The Times of India's Sidddharth Varadarajan writes that Indian Foreign Minister Jaswant Singh's allegation—made at the height of the Kargil conflict—that the bodies of six dead Indian soldiers were "severely mutilated" by Pakistanis, was never substantiated. "Virtually every newspaper carried the gory details released by an Indian wire service without waiting for independent confirmation. Such confirmation never arrived… During the war itself, at least two newspapers received information that the allegation was highly exaggerated—probably only one of the bodies bore signs of mutilation. But the journalists who received the information, chose to remain silent."

Varadarajan has also revealed that a newspaper and a magazine received reports from its correspondents at the war-front that Indian soldiers had mutilated the dead bodies of Pakistani soldiers in retaliation. But after heated editorial debates, it was decided to kill these stories—at least until the fighting was over.

"The Indian media was on test as to how fairly it would report and interpret. But overall, it failed miserably," says columnist Praful Bidwai. "The general style of reports was: '50 Pakistanis killed and 11 gallant Indian soldiers laid down their lives'. So our boys became dedicated soldiers and Pakistanis barbarians; our leaders are mature politicians and theirs prisoners of dark forces. It is upto the government to say all that. Why should the media?"

N. Ram, editor of Frontline magazine, said that the distinction between the reporter and the armyman was blurred during the fighting. "Objectivity was the biggest casualty in the coverage of the Kargil conflict," according to another weekly, Outlook, which also said that journalists chose to become participants instead of remaining objective observers in the revered war correspondent tradition.

Analysts have also accused 'independent' TV news channels of becoming a propaganda wing of the state by suppressing the truth and glamourising war. Giving instances of censorship and manipulation, Bidwai said that recycled stock pictures were frequently presented as live footage.

Another commentator, Sagarika Ghose, wrote that no attempt was made by print or TV journalists "to scrutinise the role of the military from the citizens' point of view". TV, she said, has a duty to make sure that legions of jobless young men don't unthinkingly give themselves to the army in order to die for their country because of a false bravado. "We were shown [puzzlingly] brave parents promising to send more sons to the front if need be. What about parents who were sad? What about parents who cried and said I want this war to stop and I don't want my son to die?"

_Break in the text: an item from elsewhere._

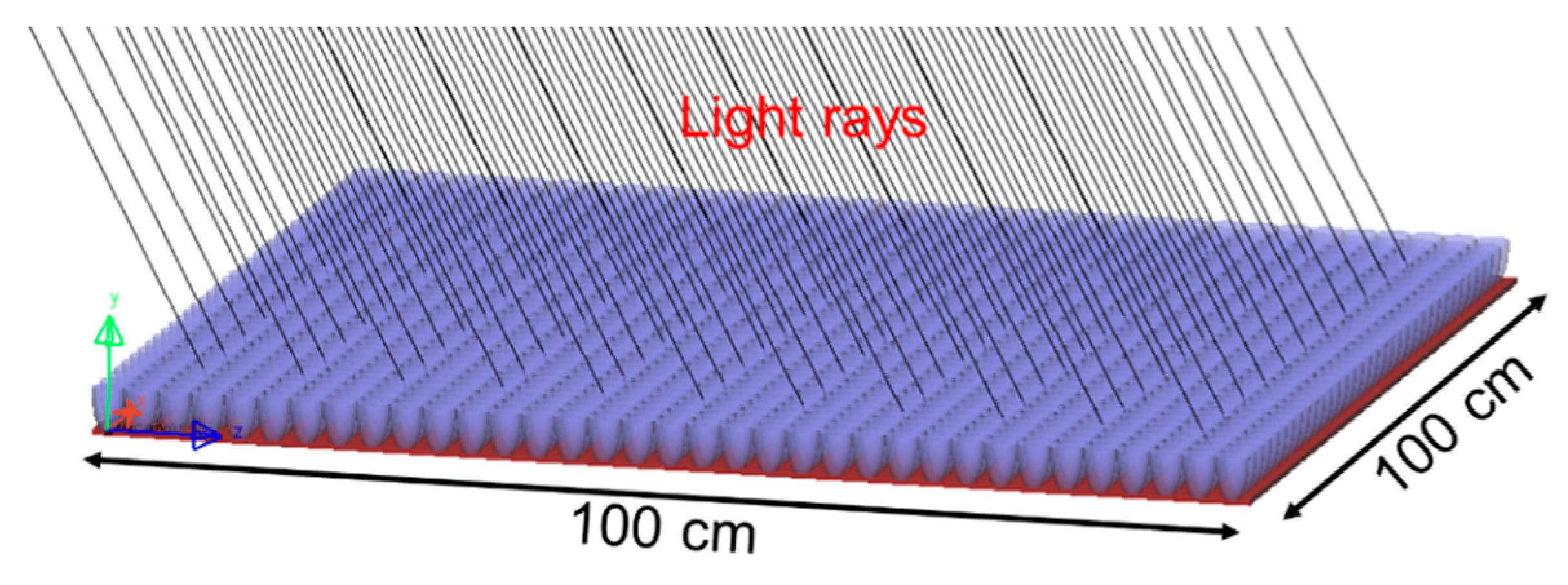 Energies 15 06951 g005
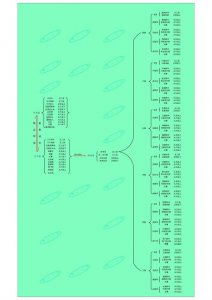 ​一图了解唐朝的三省六部制度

Analysts said that even if soldiers in Kargil couldn't voice their doubts about the war before television cameras, reporters should have dutifully paraphrased their fears to project a balanced picture. The Indian media also failed to question the official figure of 410 dead and 594 injured in six weeks of intense fighting in one of the world's most treacherous battlegrounds. "How is it possible that casualties on the Pakistani side were higher—as India claims—when they had all the advantage of higher ground? The Indians should have suffered higher casualties than the Pakistanis," said Arthur Max, New Delhi bureau chief of Associated Press.

Another senior journalist of The Times of India, Jug Suraiya criticised the coverage of the shooting of a Pakistani plane in the Kutch region soon after the Kargil conflict. Wrote Suraiya: "Was the wreckage of the Pakistani reconnaissance aircraft really retrieved from Indian territory or, as circumstantial evidence indicated, was it salvaged from across the border to give the prime minister a vote-catching photo opportunity?"

"The suppression of truth…and the dissemination of half-truths and innuendoes did not save lives. All it did was undermine the reputation of the Indian media," warned Varadarajan. Perhaps the most insightful comment came from Seema Mustafa, political editor of The Asian Age, who pointed out that the Kargil conflict exposed the warts and the moles the Indian media has managed to camouflage over the years.